No pictures, please: print exactly the lines from the one that contains "白山陶器　重ね縞　反角中皿の画像" through the last line of the listing.

• **DATA SHOWN**:
-*-*-
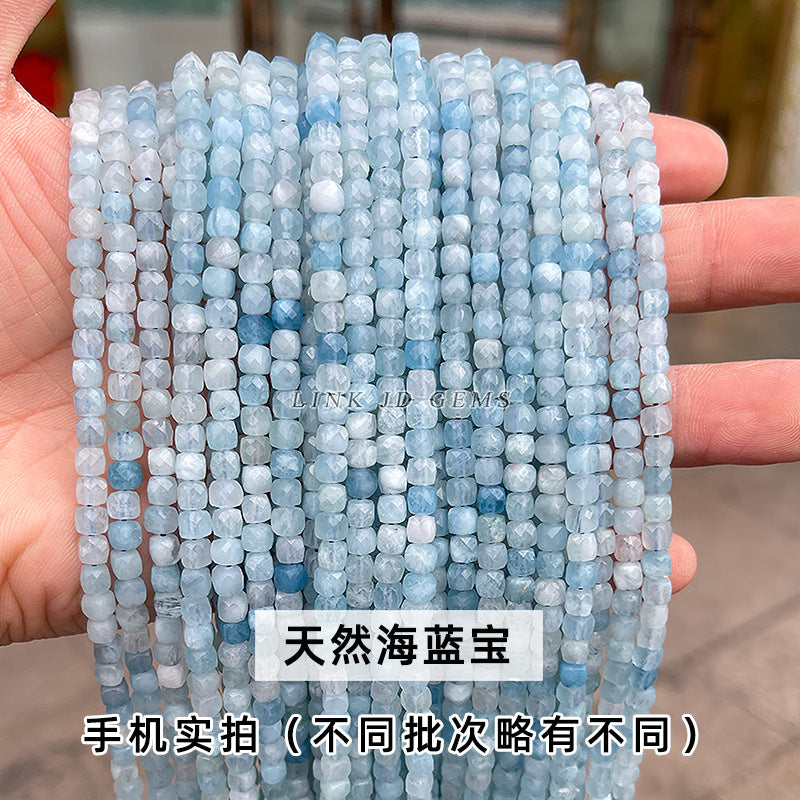 4-5Mm natural aquamarine faceted square beads loose beads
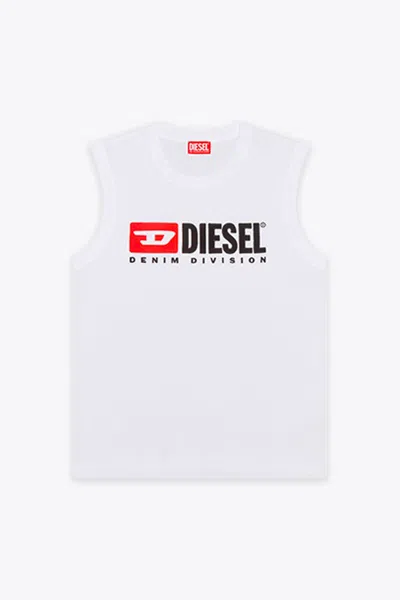 Diesel T-isco-div Cotton Tank Top In White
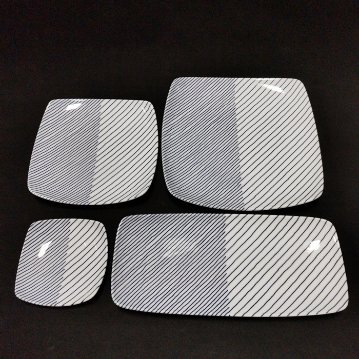 白山陶器　重ね縞　反角中皿の画像
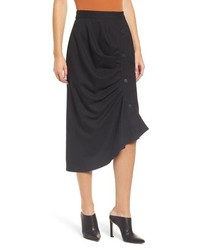 Chelsea28 Gathered Side Button Midi Skirt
-*-*-
• **ANSWER FOR THE TASK**:
 白山陶器　重ね縞　反角中皿の画像
 Chelsea28 Gathered Side Button Midi Skirt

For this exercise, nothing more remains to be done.